In giurisprudenza, si chiarisce che “il divieto di fare domande suggestive operi soltanto per l’indagine diretta, ossia per quella svolta dal soggetto che ha un interesse comune a quello del soggetto richiedente, e come sua giustificazione ha quella di assicurare l’autenticità della prova e di fare in modo che l’eventuale pregressa acquisizione delle prove del soggetto richiedente, come anche l’astratta o pure solo eventuale intesa tra il medesimo ed il teste, non induca l’esaminante a procedere con l’indagine soltanto verso un unico fine predeterminato” .
Con questo, com’è stato correttamente evidenziato, si cerca di schivare il rischio che il soggetto che ha richiesto l’indagine possa pregiudicare la risposta mediante domande a cui il testimone si limiti a dare risposte con un sì o con un no.
Invece siffatta proibizione non viene prevista per il soggetto che deve effettuare la contro esamina in quanto a tale procedura compete l’accertamento dell’autenticità del teste con ruoli distruttivi e confutativi.
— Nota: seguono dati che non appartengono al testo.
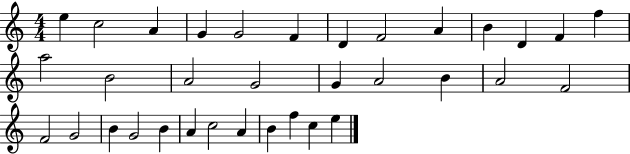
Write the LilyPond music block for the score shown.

{
  \clef treble
  \numericTimeSignature
  \time 4/4
  \key c \major
  e''4 c''2 a'4 | g'4 g'2 f'4 | d'4 f'2 a'4 | b'4 d'4 f'4 f''4 | \break a''2 b'2 | a'2 g'2 | g'4 a'2 b'4 | a'2 f'2 | \break f'2 g'2 | b'4 g'2 b'4 | a'4 c''2 a'4 | b'4 f''4 c''4 e''4 | \break \bar "|."
}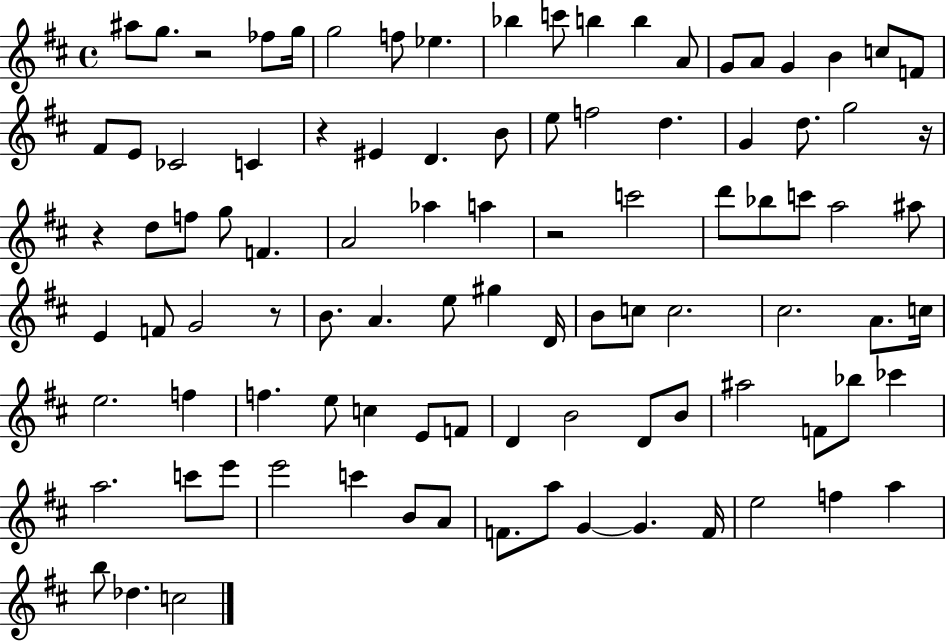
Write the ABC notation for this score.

X:1
T:Untitled
M:4/4
L:1/4
K:D
^a/2 g/2 z2 _f/2 g/4 g2 f/2 _e _b c'/2 b b A/2 G/2 A/2 G B c/2 F/2 ^F/2 E/2 _C2 C z ^E D B/2 e/2 f2 d G d/2 g2 z/4 z d/2 f/2 g/2 F A2 _a a z2 c'2 d'/2 _b/2 c'/2 a2 ^a/2 E F/2 G2 z/2 B/2 A e/2 ^g D/4 B/2 c/2 c2 ^c2 A/2 c/4 e2 f f e/2 c E/2 F/2 D B2 D/2 B/2 ^a2 F/2 _b/2 _c' a2 c'/2 e'/2 e'2 c' B/2 A/2 F/2 a/2 G G F/4 e2 f a b/2 _d c2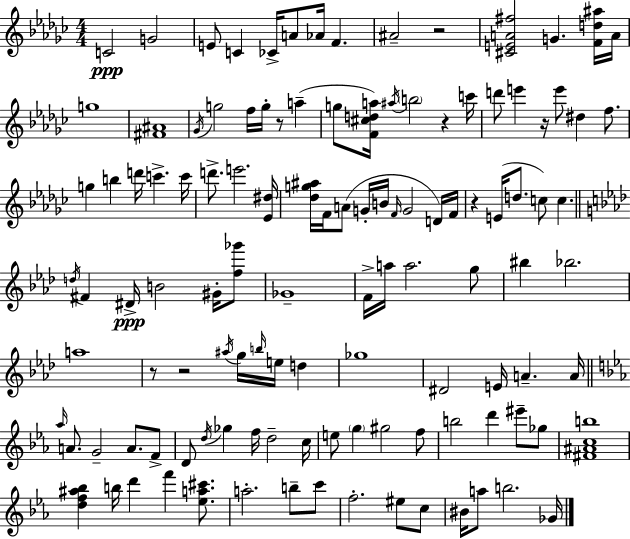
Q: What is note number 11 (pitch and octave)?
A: A4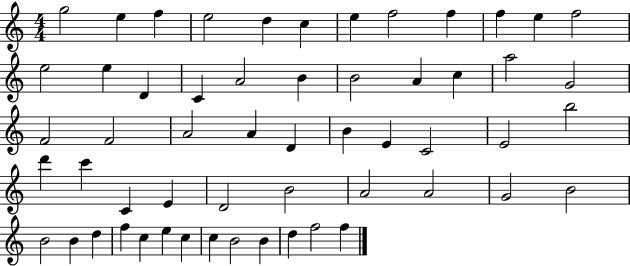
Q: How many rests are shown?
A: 0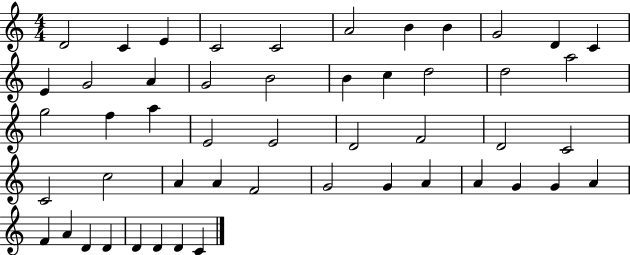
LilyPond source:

{
  \clef treble
  \numericTimeSignature
  \time 4/4
  \key c \major
  d'2 c'4 e'4 | c'2 c'2 | a'2 b'4 b'4 | g'2 d'4 c'4 | \break e'4 g'2 a'4 | g'2 b'2 | b'4 c''4 d''2 | d''2 a''2 | \break g''2 f''4 a''4 | e'2 e'2 | d'2 f'2 | d'2 c'2 | \break c'2 c''2 | a'4 a'4 f'2 | g'2 g'4 a'4 | a'4 g'4 g'4 a'4 | \break f'4 a'4 d'4 d'4 | d'4 d'4 d'4 c'4 | \bar "|."
}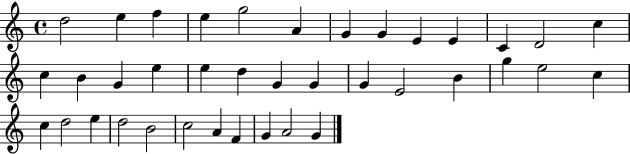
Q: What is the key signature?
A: C major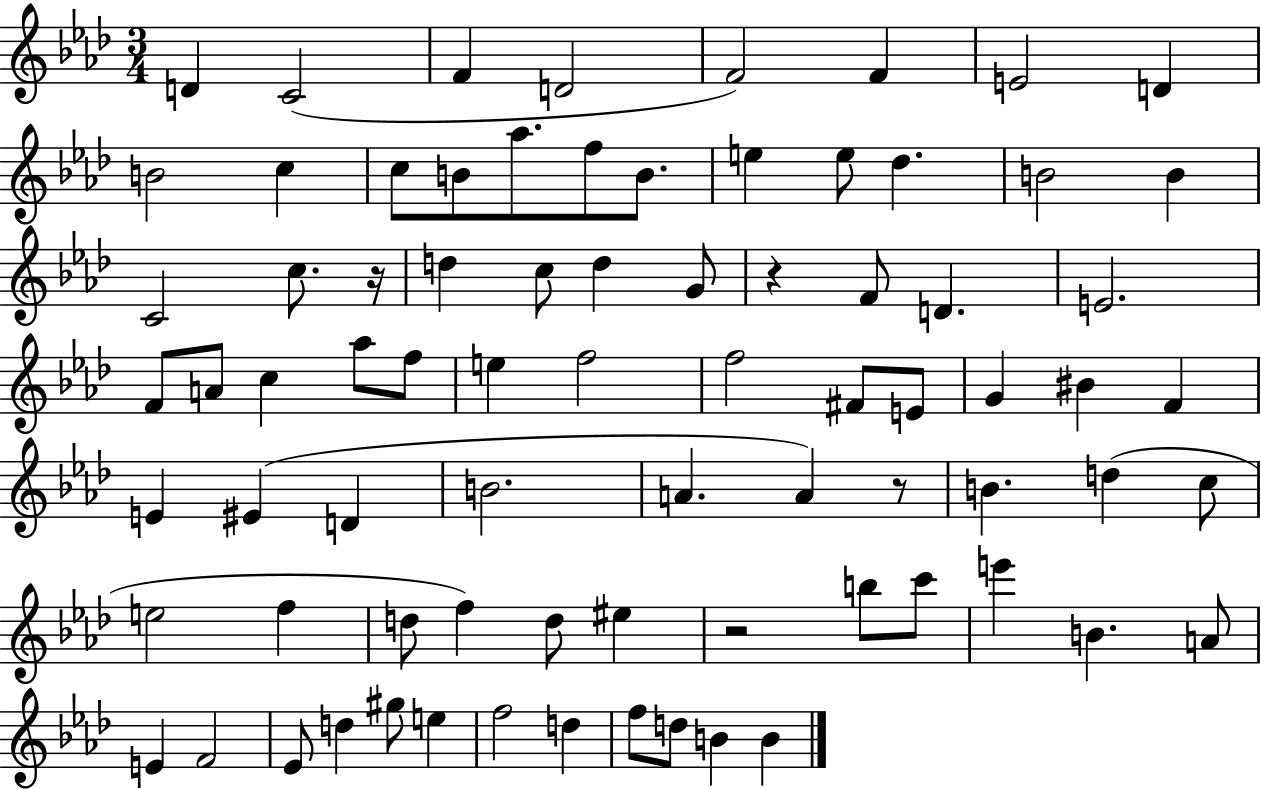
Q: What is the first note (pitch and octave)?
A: D4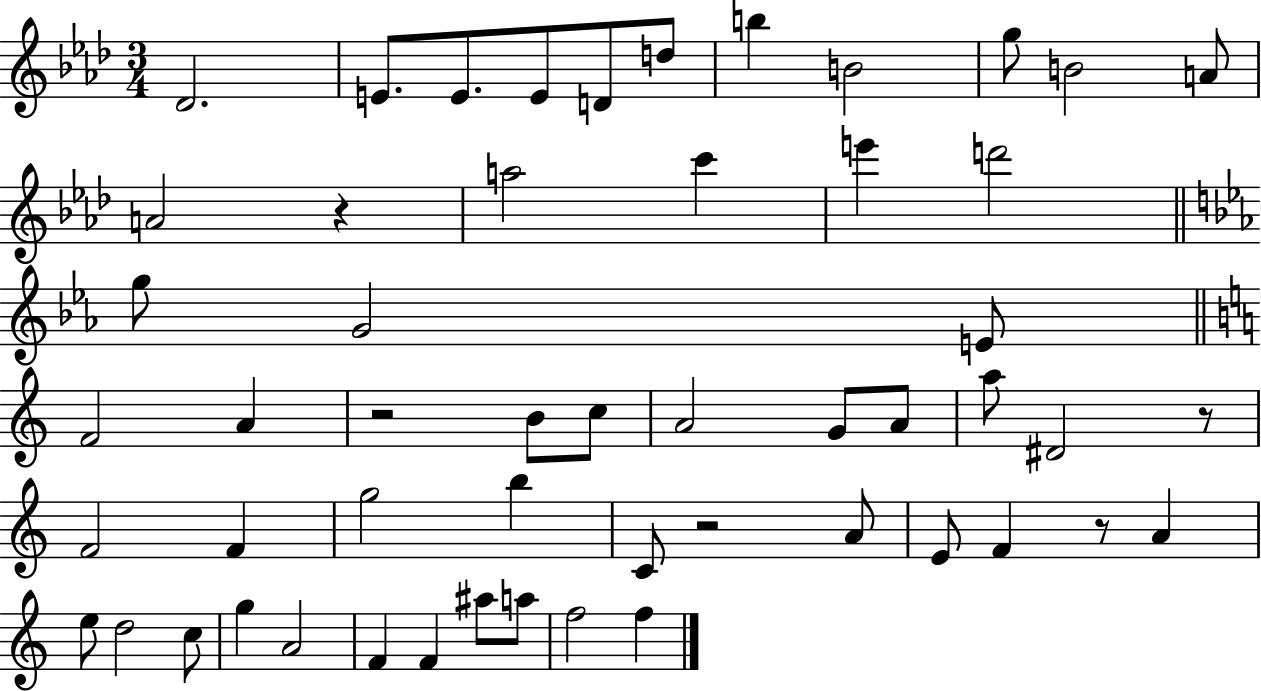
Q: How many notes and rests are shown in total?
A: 53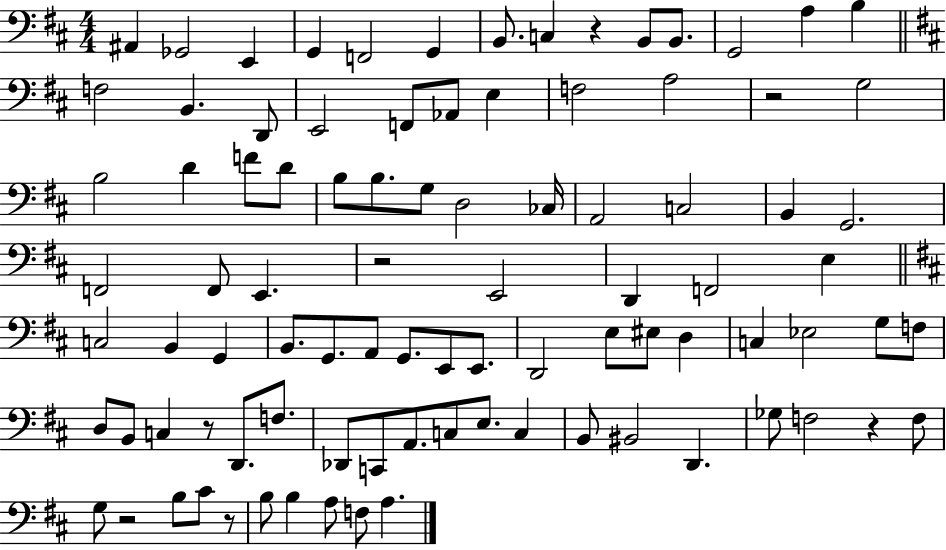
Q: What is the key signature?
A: D major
Ma non si può, tuttavia, essere d’accordo con lo stesso orientamento che ritiene che “se il controesame ha il ruolo di esaminare la veridicità del teste allo scopo di assicurare l’autenticità della prova (..)
Sarebbe per nulla in linea con ciò attribuire soltanto alla controparte la facoltà di effettuare domande suggestive e non pure al presidente del collegio”. Non soffermati ora sul fatto che il processo penale italiano, con la riforma a livello costituzionale dell’art. 111, è più a carattere “accusatorio” di prima.
Difatti, perché si dovrebbe considerare “asimmetrico” proibire all’autorità giudiziaria di effettuare domande in un modello in cui la prova si riguarda le parti in causa?
Altresì l’autorità giudiziaria non è a conoscenza della vicenda e dunque non si capisce come egli possa evidenziare possibili contraddizioni o riempire vuoti nelle testimonianze; egli, poi, non ha alcun personale interesse rispetto ai soggetti in causa.
Per concludere, il criterio costituzionale (art. 111) del giusto processo non può permettere di spuntare le armi alle parti che contendono senza affermare, poi, che la facoltà suppletiva dell’autorità giudiziaria è ridondante del vecchio orientamento che si aveva nei confronti del giudice – ruolo di inquisitore che non viene per nulla controllato quando effettua domande che possono nuocere all’autenticità delle risposte.